Material for this task —
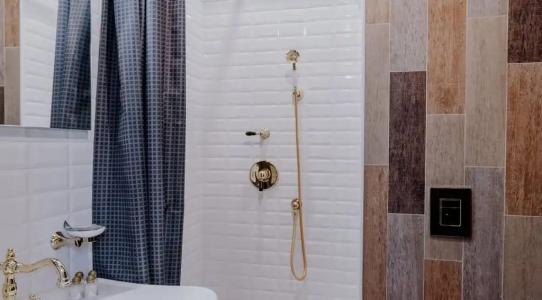 Gold 1905 - 48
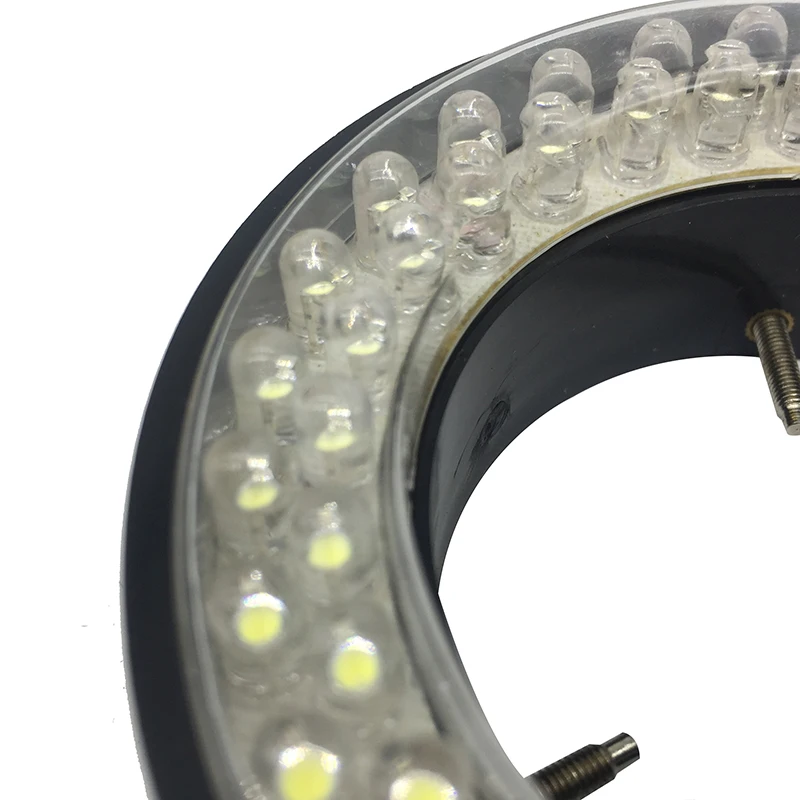 RL-60LED-002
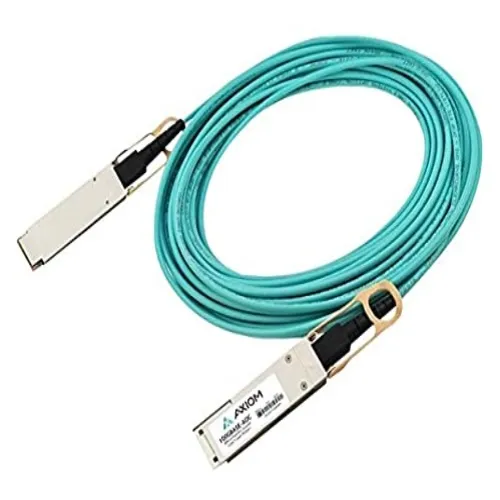 SFP-25G-AOC5M Cisco 5M SFP28 to SFP28 Active Optical Ca...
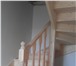 Фото в Строительство и ремонт Ремонт, отделка изготовление и монтаж лестниц .качественно в Липецке 0
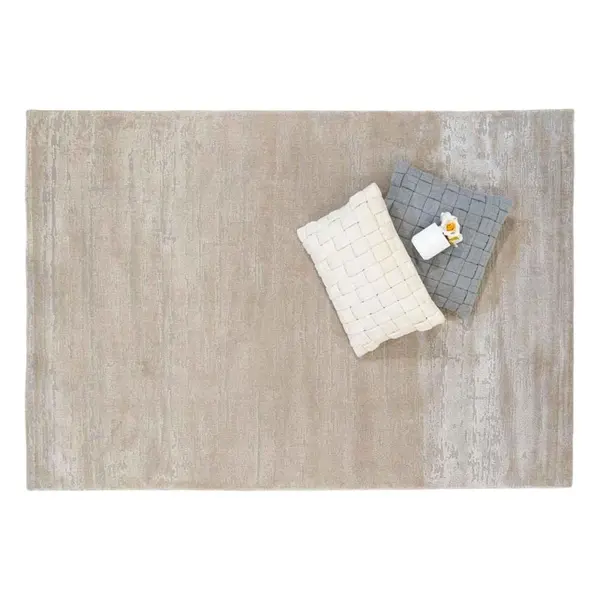 Χαλί ezzo Loreto A379BH9 BEIGE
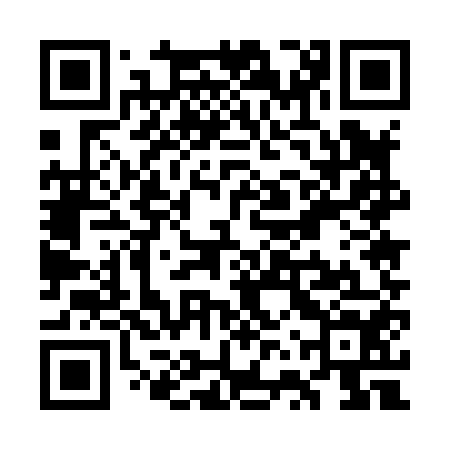 QR code for WVU854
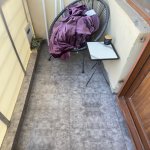 Продажа 2 комнатная Новостройка, Масазыр, Абшерон район 12
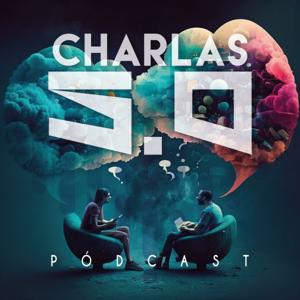 Charlas 5.0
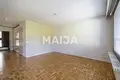 Wohnung 4 zimmer 86 m² Valkeakoski, Finnland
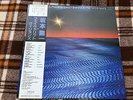 Ryuichi Sakamoto ?– Favorite Visions     -  JAPAN Vinyl LP OBI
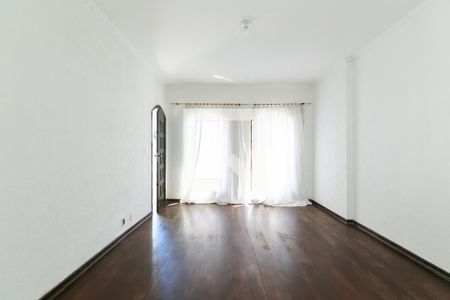 Sala de casa para alugar com 3 quartos, 192m² em Jardim Nossa Senhora do Carmo, São Paulo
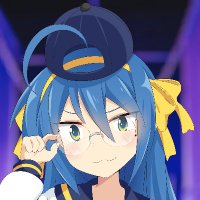 Izumi Ch. (@suckyengy1zumi) 's Twitter Profile Photo Izumi Ch. (@suckyengy1zumi) 's Twitter Profile Photo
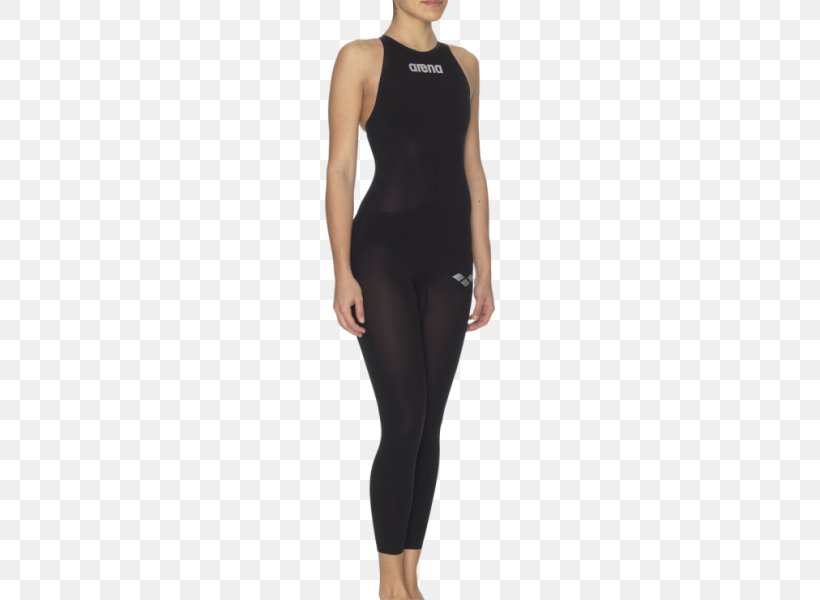 Open Water Swimming Arena Human Body Swimsuit, PNG, 600x600px, Swimming, Active Undergarment, Arena, Bodyskin, Human Body Download Free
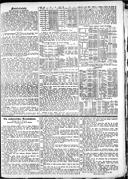 Seite 1871
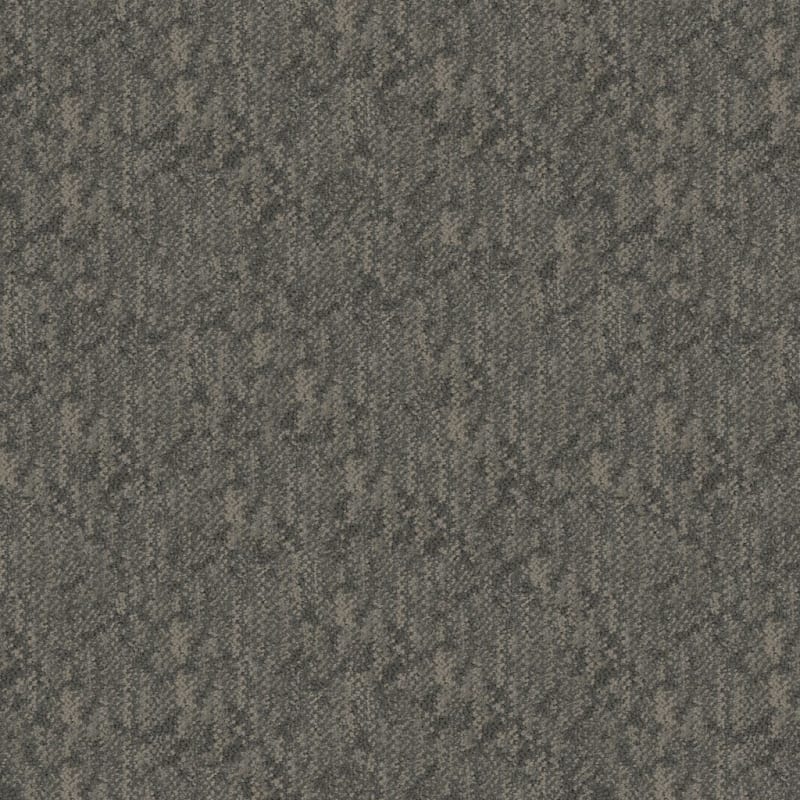 Circuitry carpet by Masland
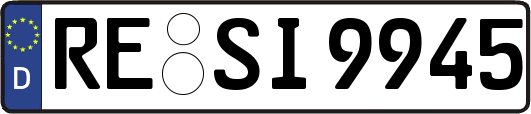 RE-SI9945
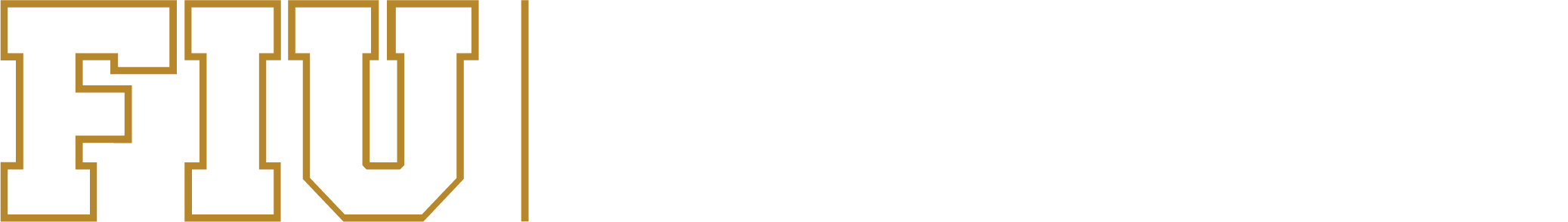 Parking & Transportation Homepage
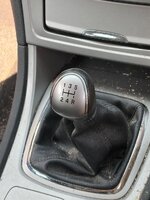 IMG_0172.jpeg
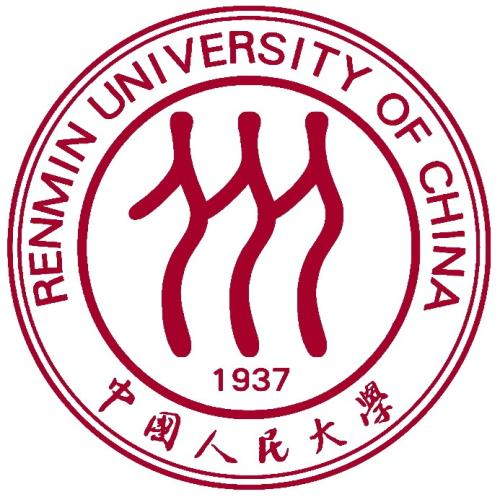 美女内射无套日韩免费播放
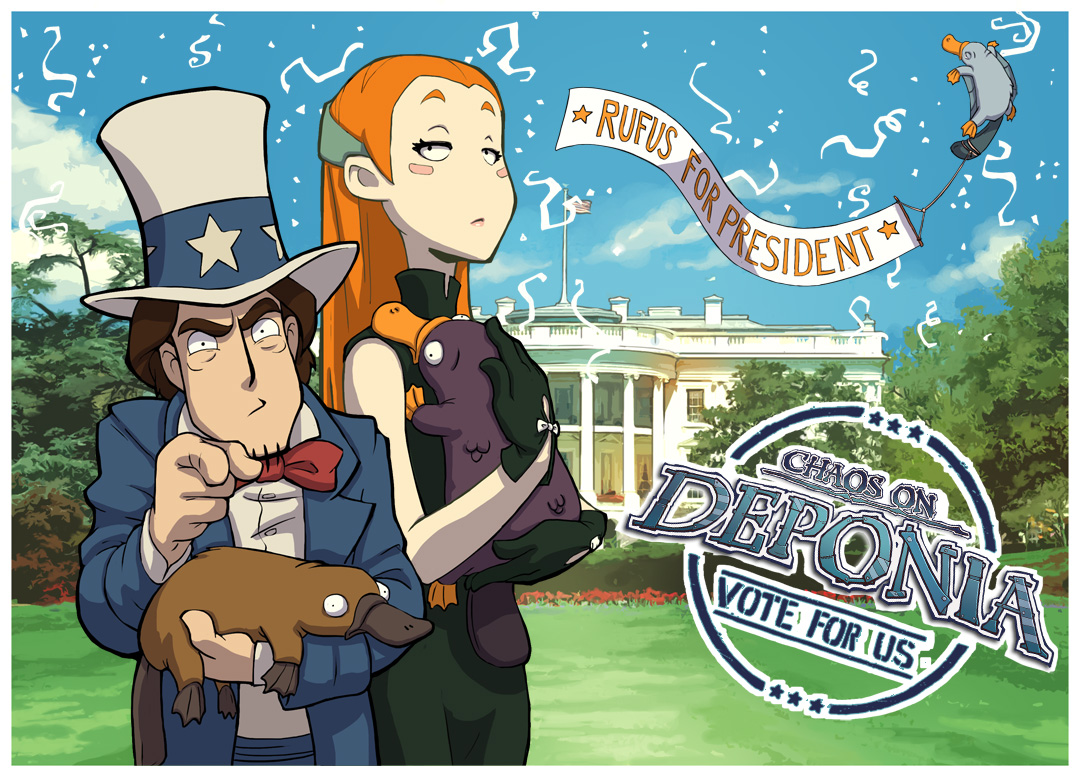 deponia wikia deponia wikia
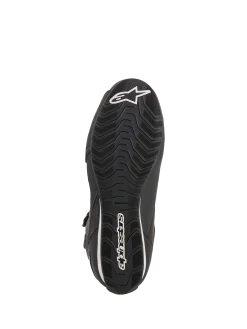 Stella Faster-3 Rideknit® Schuhe
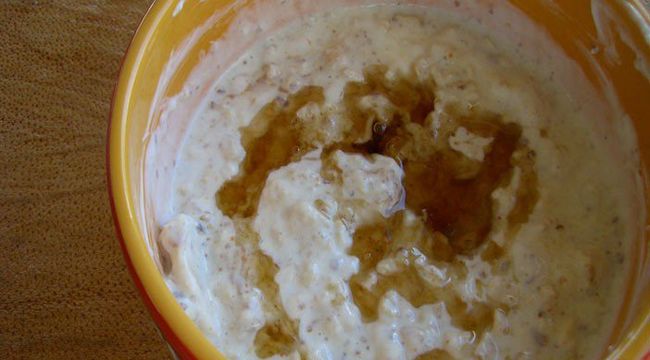 najzdraviji-dorucak-1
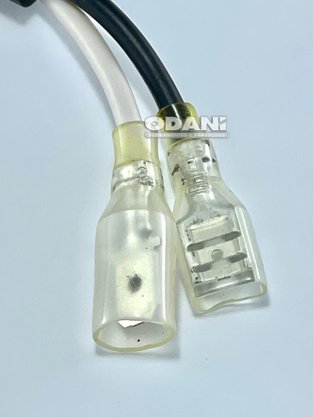 Conjunto Válvula Bypass 3082350 Makita-Odani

Directions for this task — Only the pictures stay behind; everything else in the data above is to be retyped exactly.

Answer space —
 Gold 1905 - 48
 RL-60LED-002
 SFP-25G-AOC5M Cisco 5M SFP28 to SFP28 Active Optical Ca...
 Фото в Строительство и ремонт Ремонт, отделка изготовление и монтаж лестниц .качественно в Липецке 0
 Χαλί ezzo Loreto A379BH9 BEIGE
 QR code for WVU854
 Продажа 2 комнатная Новостройка, Масазыр, Абшерон район 12
 Charlas 5.0
 Wohnung 4 zimmer 86 m² Valkeakoski, Finnland
 Ryuichi Sakamoto ?– Favorite Visions     -  JAPAN Vinyl LP OBI
 Sala de casa para alugar com 3 quartos, 192m² em Jardim Nossa Senhora do Carmo, São Paulo
 Izumi Ch. (@suckyengy1zumi) 's Twitter Profile Photo Izumi Ch. (@suckyengy1zumi) 's Twitter Profile Photo
 Open Water Swimming Arena Human Body Swimsuit, PNG, 600x600px, Swimming, Active Undergarment, Arena, Bodyskin, Human Body Download Free
 Seite 1871
 Circuitry carpet by Masland
 RE-SI9945
 Parking & Transportation Homepage
 IMG_0172.jpeg
 美女内射无套日韩免费播放
 deponia wikia deponia wikia
 Stella Faster-3 Rideknit® Schuhe
 najzdraviji-dorucak-1
 Conjunto Válvula Bypass 3082350 Makita-Odani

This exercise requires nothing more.